As for government initiatives, Raymond Yip, Deputy Executive Director for Marketing at the Hong Kong Trade Development Council (HKTDC) says that in the coming years, the Belt and Road Initiative, which aims to promote connectivity between China, Southeast and South Asia, Central Asia and Europe through infrastructural development, trade and industrial co-operation, financial integration and cultural exchange, will be the most important development. When infrastructure-related projects are first kicked off in connection with this initiative, it will generate a plethora of opportunities for Hong Kong’s legal industry. To help Hong Kong’s legal service providers seize the opportunities arising from the Belt and Road Initiative, HKTDC launched a dedicated web portal in early December ( Apart from market intelligence and research reports, a comprehensive database of Hong Kong service providers (including legal firms) will be introduced.


If the geopolitical situation remains stable, economic cycles continue as predicted and Hong Kong’s regulatory framework continues without any major overhauls, drastic changes are unlikely in Hong Kong’s legal market.

In the retail (or high street) legal sector, people will continue to need lawyers. The real challenges lie in the international business sector – whether there is an increase in investment into China, what happens with the Stock Connect scheme, what happens with the RMB, whether there will be increased outbound work and where China will invest, as well as trade liberalisation – all of these things are likely to affect the Hong Kong legal market.

Despite these uncertainties, Keith is certain that Hong Kong firms will have a pivotal role to play. The firms will still be key in advising foreign companies looking to access China and the rest of Asia, as well as in assisting Chinese and regional clients on their investments abroad.

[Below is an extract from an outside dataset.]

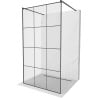 Mexen Kioto Freistehende Duschwand 110 x 200 cm, schwarzes Gitter 8 mm, schwarz - 800-110-002-70-77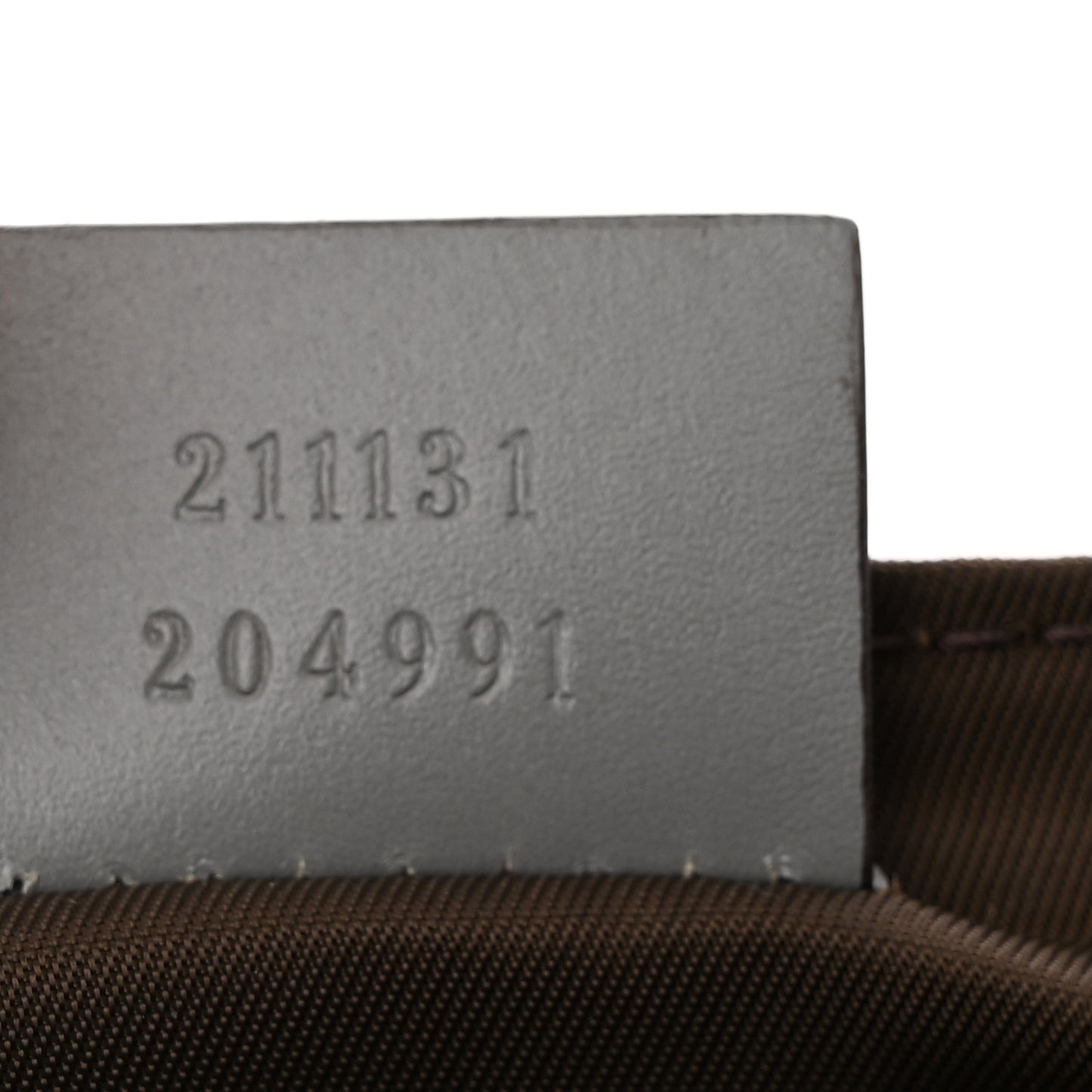 GG Plus Monogram Messenger Diaper Bag Ecru Grigio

Hong Kong firms will continue to be successful as long as they are able to continue to look after their clients’ interests in a way that makes them happy. “Clearly, every firm in the world is facing up to these challenges,” says Keith. “As long as we continue to invest in our people and technology, and improve the way we deliver our services, firms in Hong Kong should be able to thrive.”

The Jersey factor

According to Richard Corrigan, the deputy CEO of Jersey Finance, Jersey remains well placed to provide the investment vehicles to conduit international capital into Greater China for the infrastructure projects it undertakes. “It possesses similar company entities to enable Greater Chinese businesses to expand internationally and access capital on foreign exchanges, including the London Stock Exchange and it has investment structures which are ideal for servicing the needs of the growing high net worth sector in China,” he says.

With Chinese companies looking more and more to expand in the West, the Jersey company structure is increasingly being used as the ideal listing vehicle for raising funds on leading global exchanges, adds Corrigan. “Jersey has the greatest number of FTSE 100 and AIM listed companies registered outside the UK,” he says. “One-fifth of Chinese companies that have listed in London have done so through Jersey and there are over 100 Jersey companies listed on exchanges around the world including a number on the Hong Kong exchange; these alone have a market capitalisation of $31 billion.”